Fresh concerns around Northern Ireland have been raised following Theresa May's resignation announcement.
Sinn Féin leader Mary-Lou McDonald says that Mrs May's decision to stand aside on June 7 is not hugely surprising given the "chaotic situation" around Brexit in Britain.
Hitting out at the way Brexit has been handled she said the Conservative party now needs a "dose of reality".
However, she warned that Mrs May's resignation could have significant implications for Northern Ireland talks centred around getting the institutions back up and running again.
Taoiseach Leo Varadkar and Mrs May were due to meet before the end of this month to review progress made between the political parties on breaking the political deadlock in Northern Ireland.
However, Ms McDonald said Mrs May stepping aside will make "a difficult situation all the more difficult".

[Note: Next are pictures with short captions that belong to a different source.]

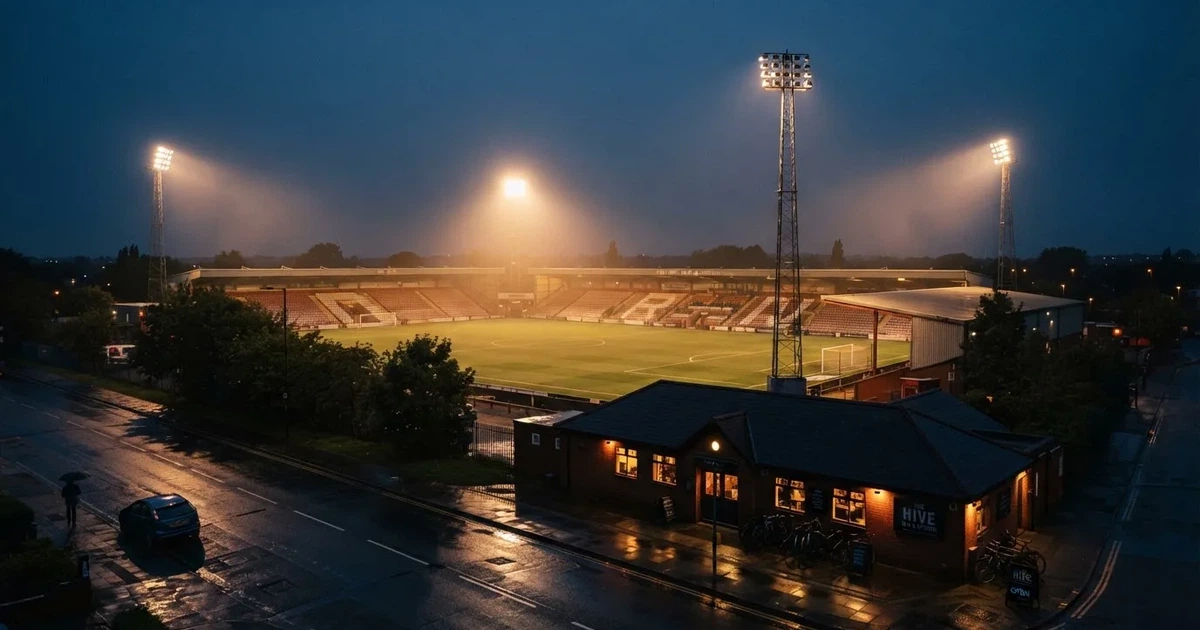 Ein Fußballstadion bei Flutlicht aus der Ferne gesehen, davor eine Straße und leuchtende Fenster eines Nebengebäudes.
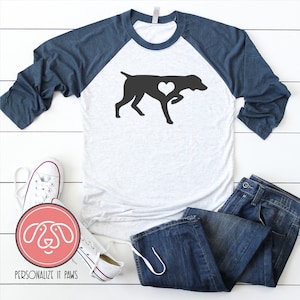 May include: A white and navy blue baseball tee shirt with a black silhouette of a German Shorthaired Pointer with a heart in its chest. The shirt is laying on a white wooden surface with a pair of white sneakers and blue jeans.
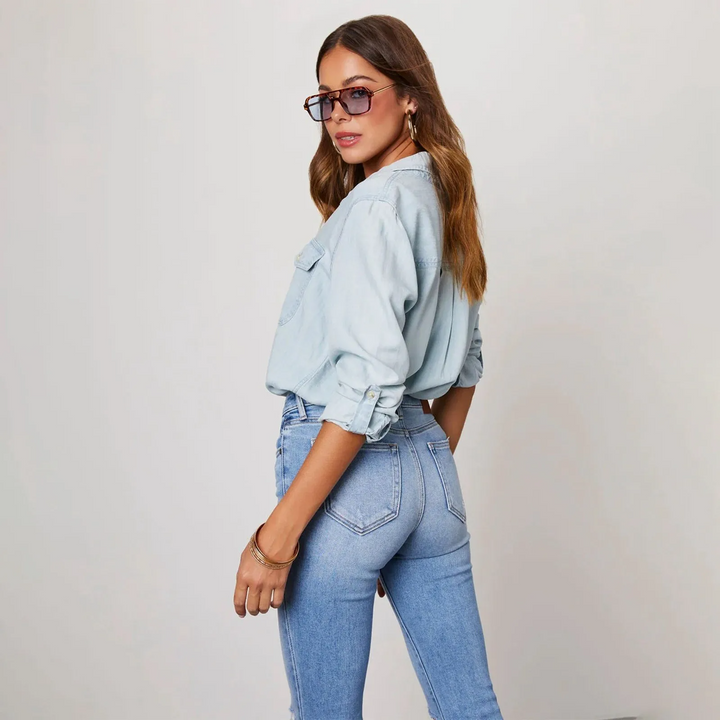 Effortless style with this women's blue button-up shirt, long sleeve, featuring a comfortable relaxed fit for casual fashion.
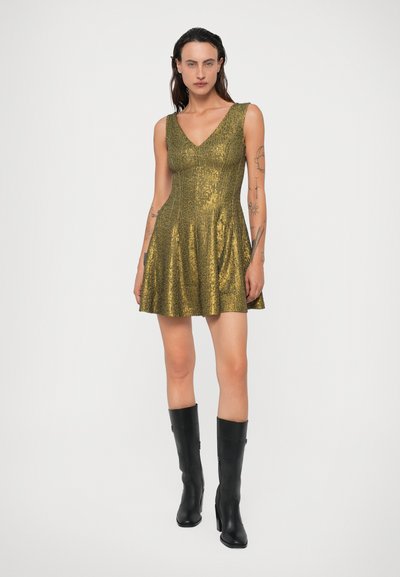 Aukso blizgučiais padengta suknelė su V formos iškirpte, platėjanti sijoną ir prigludusia liemene. Dėvima su juodais iki kelių batais, turinčiais lygią tekstūrą.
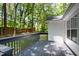 Spacious back deck offering a view of the wooded backyard with mature trees at 2007 Eastwood Dr, Durham, NC 27703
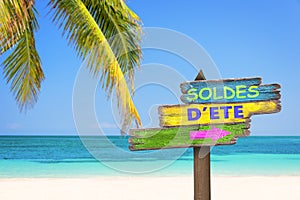 Soldes d`ete meaning summer sale in French written on pastel colored wood direction signs, beach and palm tree background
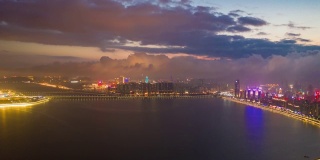 日落时间照明飞行在澳门城市湾空中全景4k时间间隔中国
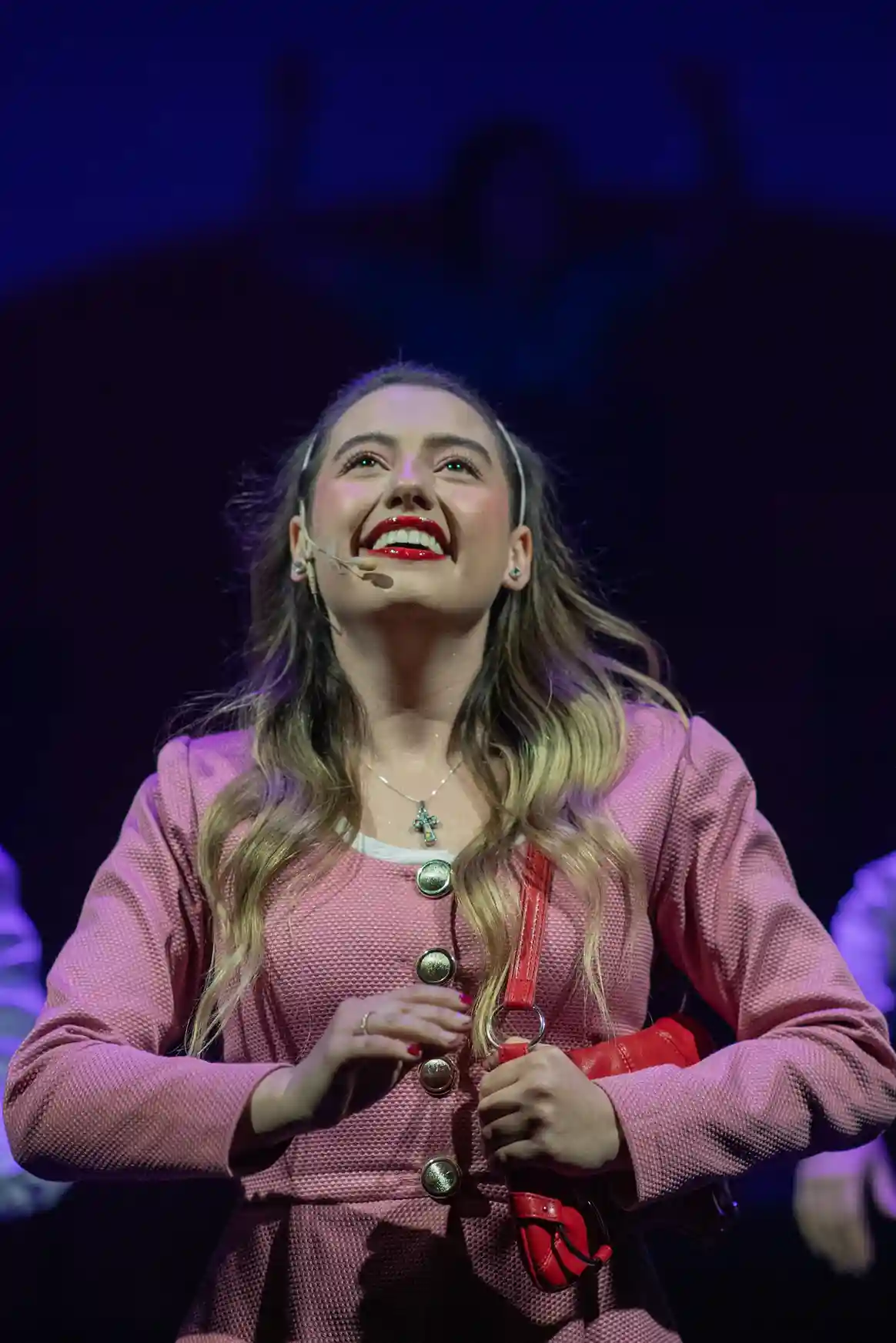 Mujer sonriente con traje rosa sosteniendo un bolso rojo.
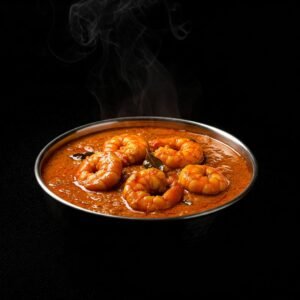 Prawn vindaloo with potatoes and green peppers in a metal bowl.
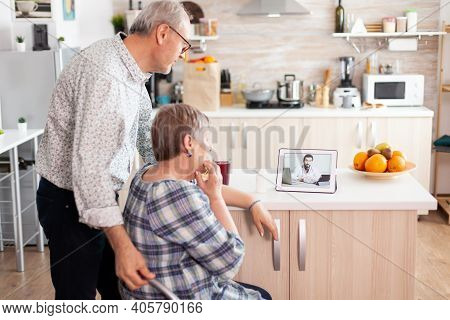 Senior People Using Medical App On Tablet To Talk With Doctor About Her Pills Prescription Online He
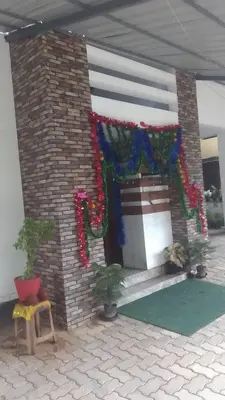 a house with christmas decorations on the side of it at Stay Castle in Guruvāyūr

"There was to be a review of progress on the Northern talks at the end of May I think we now have to question whether that review will go ahead. I think we need clarity on that point very quickly, we are very anxious that progress is made. The current stalemate is simply not sustainable," said Ms McDonald after casting her vote in today's elections.

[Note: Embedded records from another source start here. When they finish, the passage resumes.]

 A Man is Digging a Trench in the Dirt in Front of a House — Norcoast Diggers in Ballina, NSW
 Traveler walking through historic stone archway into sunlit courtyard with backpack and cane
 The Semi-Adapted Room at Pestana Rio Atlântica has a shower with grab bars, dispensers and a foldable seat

Turning to Brexit, she said a change of prime minister will not mean any softening of the backstop or the withdrawal agreement: "The reality is, irrespective of who is prime minister and irrespective of who leads the Tory party, Irish interests need to be protected that's not going to change. I think the Tories need a dose of reality, I think if they imagine that if by changing their leader and by changing prime minister that they can change the fundamental bottom line in respect of Ireland that they are wrong."

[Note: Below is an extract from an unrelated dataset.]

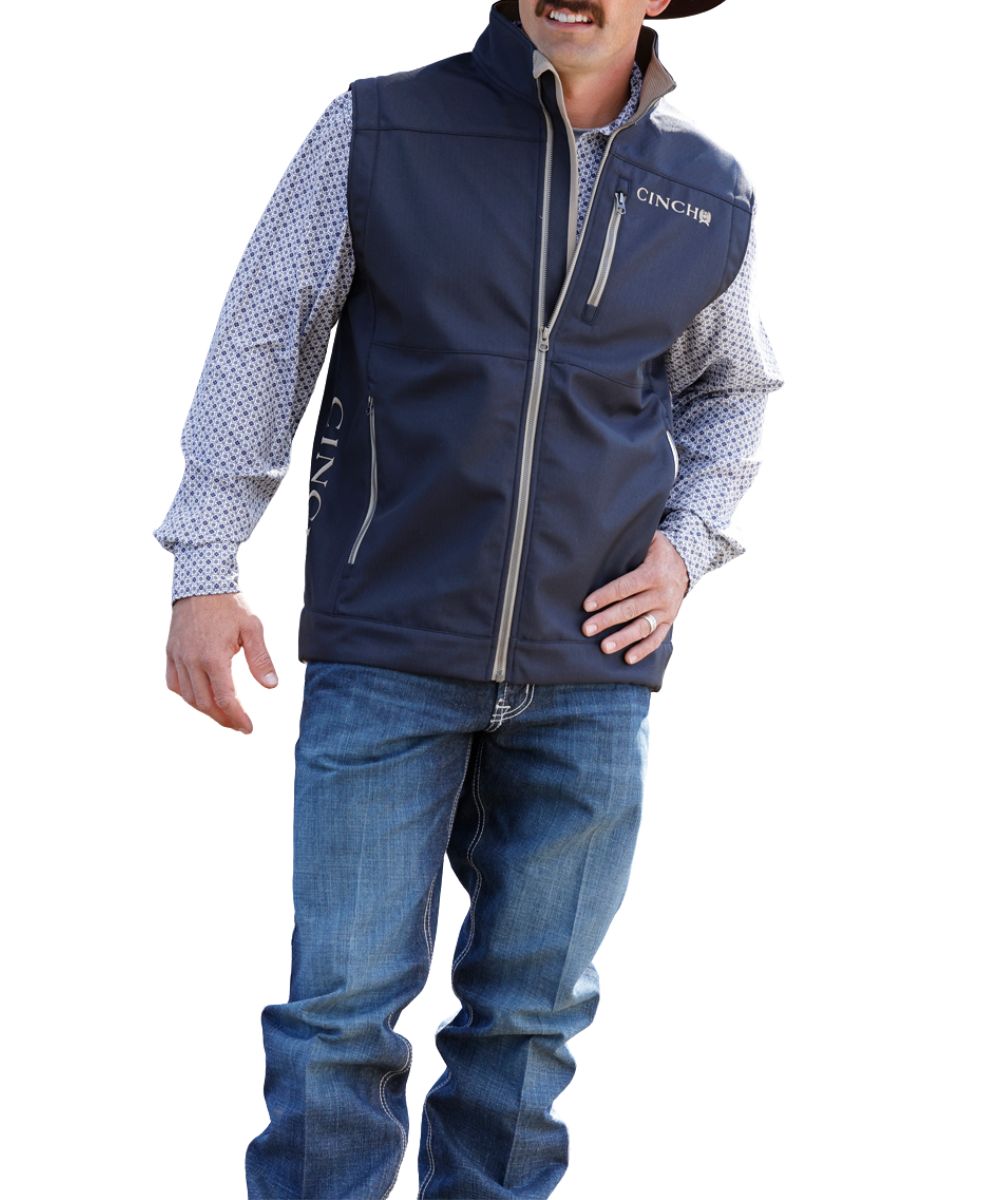 Side view of the men's navy vest featuring the logo embroidery at the left chest and lower right side panel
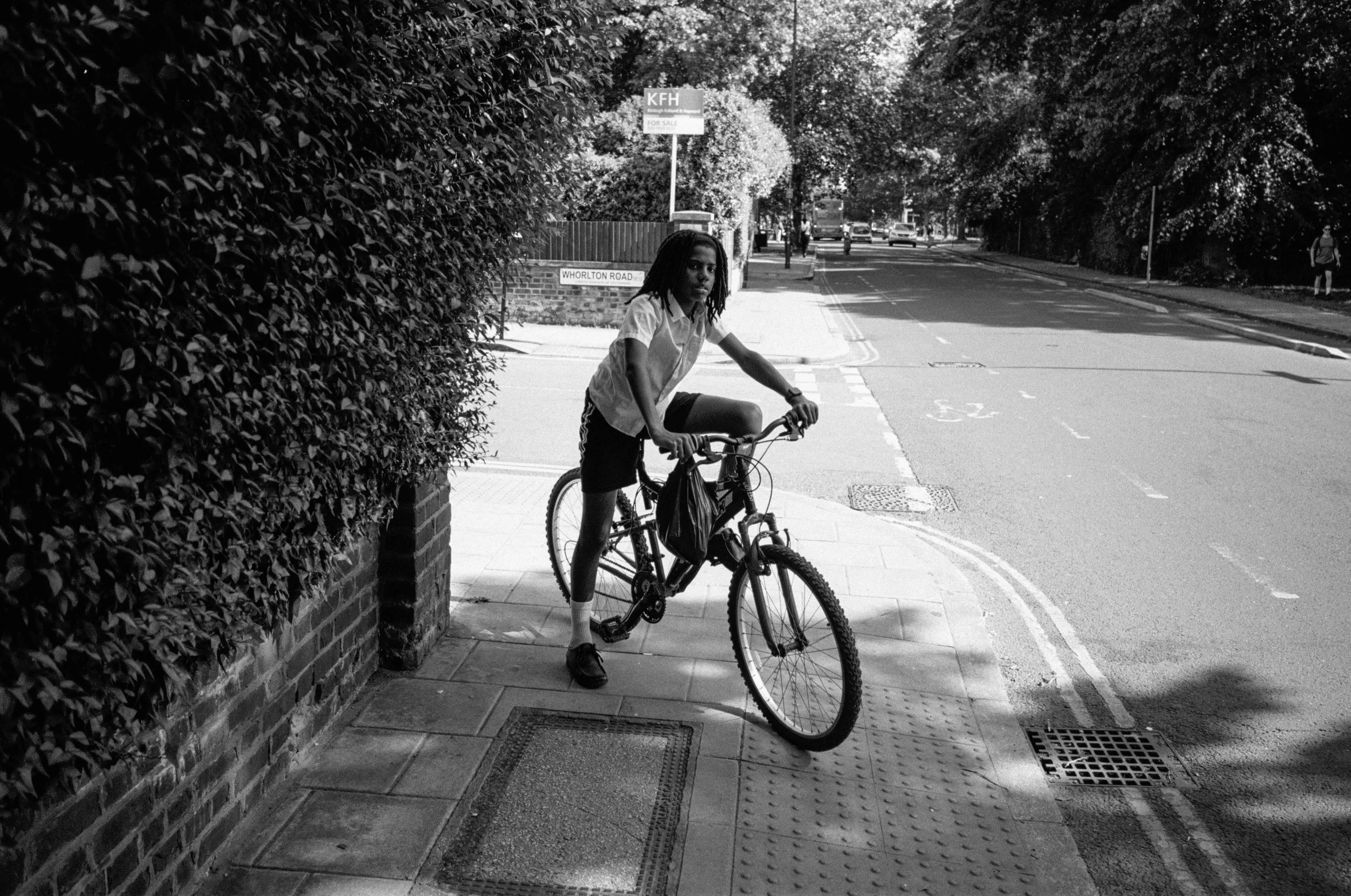 A person with dreadlocks riding a bicycle on a city sidewalk next to a brick wall and a hedge. The street in the background has trees, cars, and a bus. A sign reads "KFH" and another reads "Whorton Road." The scene is in black and white.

Meanwhile, Arlene Foster has paid tribute to Theresa May’s “selfless service” to the UK.
The Democratic Unionist leader, who struck a confidence and supply deal with Mrs May to keep her in power in the wake of the 2017 general election, praised the outgoing Prime Minister’s “dutiful approach”.
Mrs Foster and party colleagues have been particularly critical of Mrs May in recent months for her handling of the Brexit process.
Whilst at times there were differences in our approach, particularly on Brexit, we enjoyed a respectful and courteous relationship
They were vociferously opposed to the contentious border backstop element of the deal the Conservative leader struck with the EU, claiming it would see Northern Ireland treated differently to the rest of the UK.
The Westminster arrangement which saw the DUP’s 10 MPs vote with the Government on key issues delivered a £1 billion funding package to Northern Ireland.
Commenting on Mrs May’s resignation announcement, Mrs Foster said: “After the general election in June 2017, we worked with the Prime Minister and her team through the confidence and supply agreement.
“Whilst at times there were differences in our approach, particularly on Brexit, we enjoyed a respectful and courteous relationship.
“In particular, I commend and thank the Prime Minister for her dutiful approach on national issues and her willingness to recognise Northern Ireland’s need for additional resources through confidence and supply arrangements.
“I pay tribute to her selfless service in the interests of the United Kingdom and wish her well for the future.”
DUP deputy leader Nigel Dodds, who leads the party at Westminster, tweeted: “Whilst we have had differences with Theresa May on Brexit, I have always found the Prime Minister very courteous and pleasant to work with on a personal basis.
“I thank her for her public service and wish her well.”